▶ **Collected material**
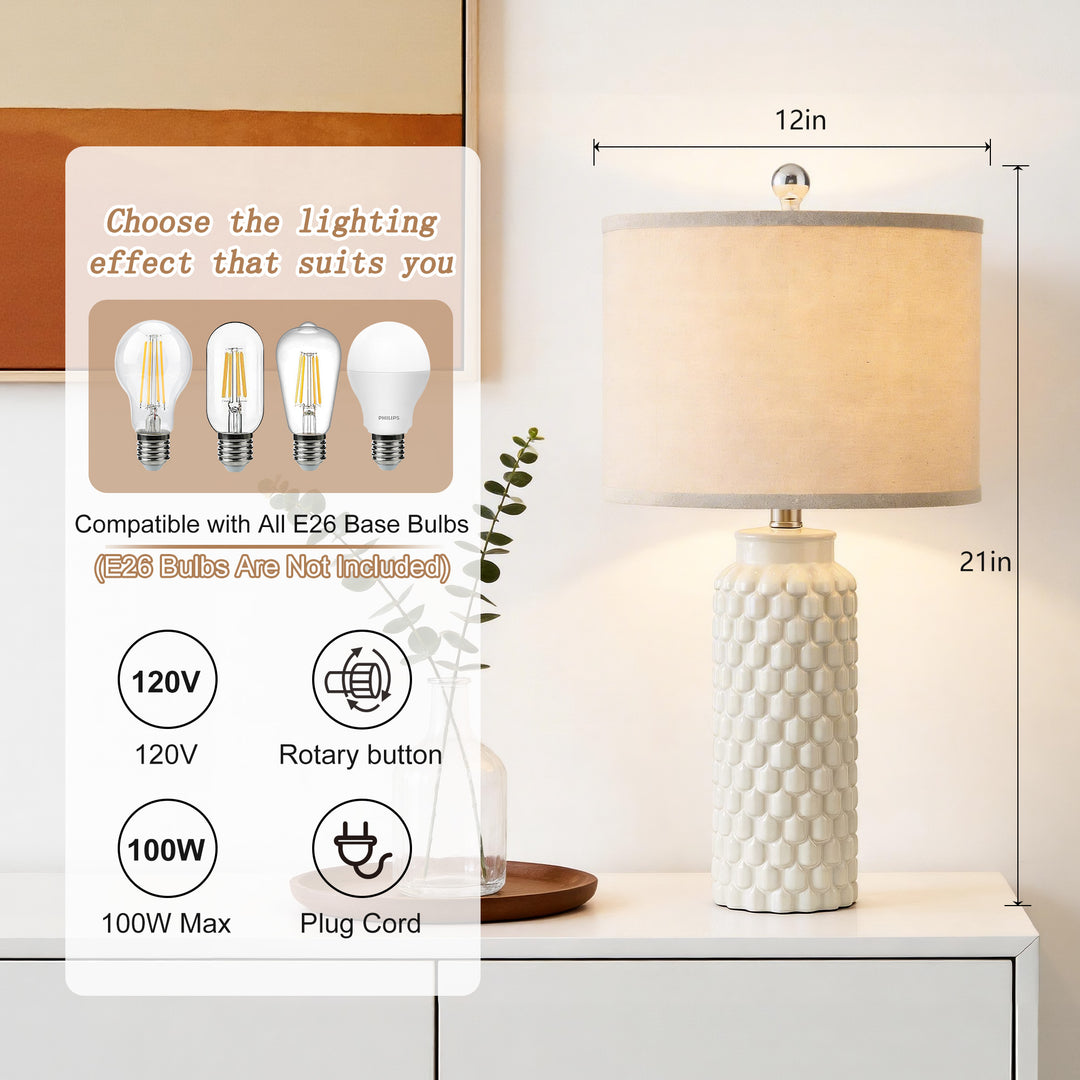 Sculpt 120.5" Modern Farmhouse Ceramic Table Lamp With 3-Way Dimming Rotary Switch For Bedroom Living Room (Set of 2) #T287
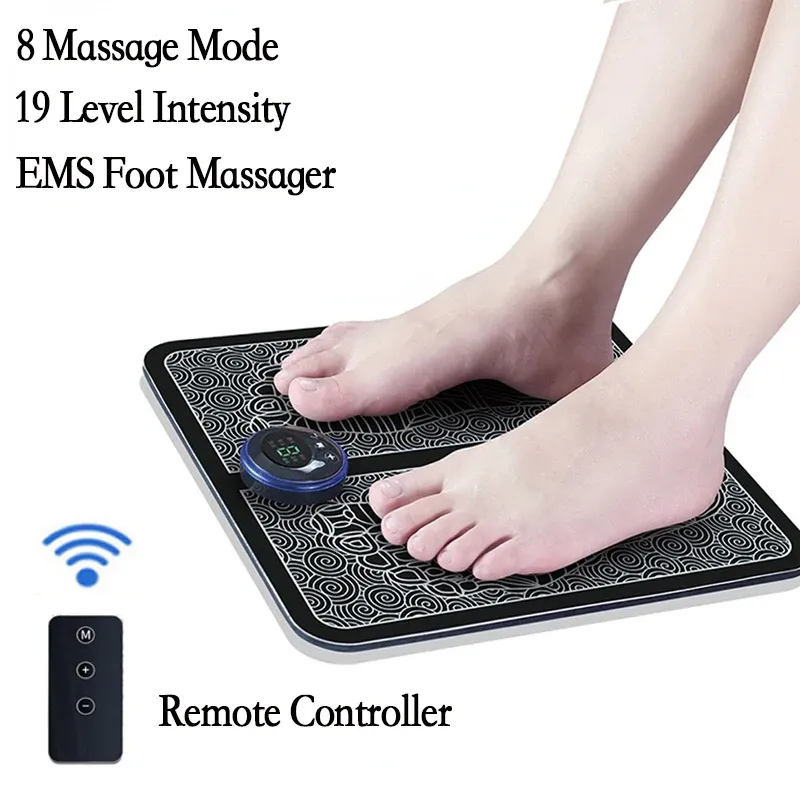 Remote EMS Fußmassagegerät Pad Tragbare elektrische Muskelstimulation Massagematte Verbessern Sie die Durchblutung Linderung von Schmerzen Entspannen Sie die Füße
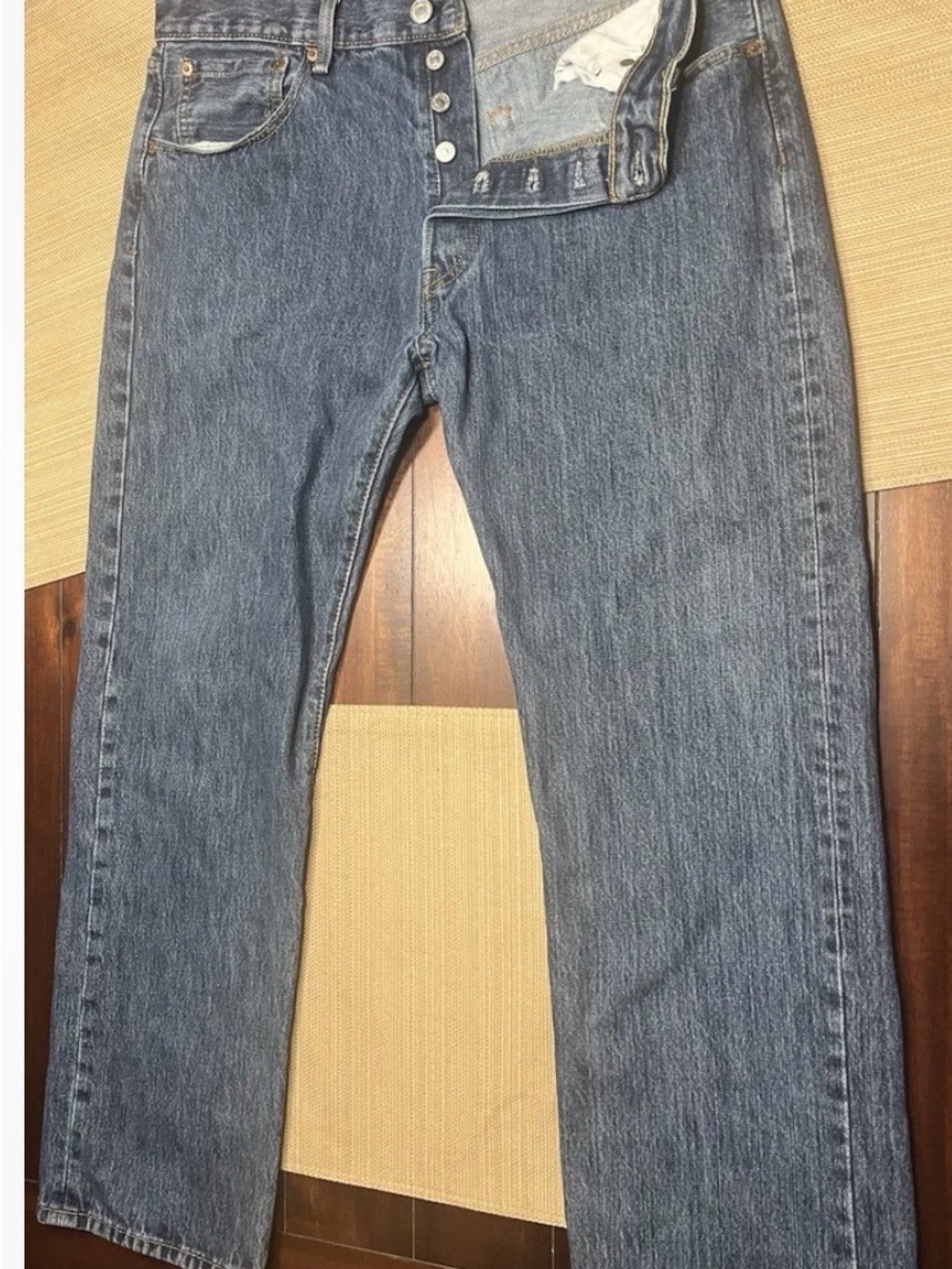 Levi's Men's Straight Jeans in Blue with Tan Stitching - Picture 3 of 10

▶ **What you need to do**
No pictures belong in the answer, only the lines from the top of the listing through the line containing "Remote EMS Fußmassagegerät", repeated word for word.

▶ **Response below**
 Sculpt 120.5" Modern Farmhouse Ceramic Table Lamp With 3-Way Dimming Rotary Switch For Bedroom Living Room (Set of 2) #T287
 Remote EMS Fußmassagegerät Pad Tragbare elektrische Muskelstimulation Massagematte Verbessern Sie die Durchblutung Linderung von Schmerzen Entspannen Sie die Füße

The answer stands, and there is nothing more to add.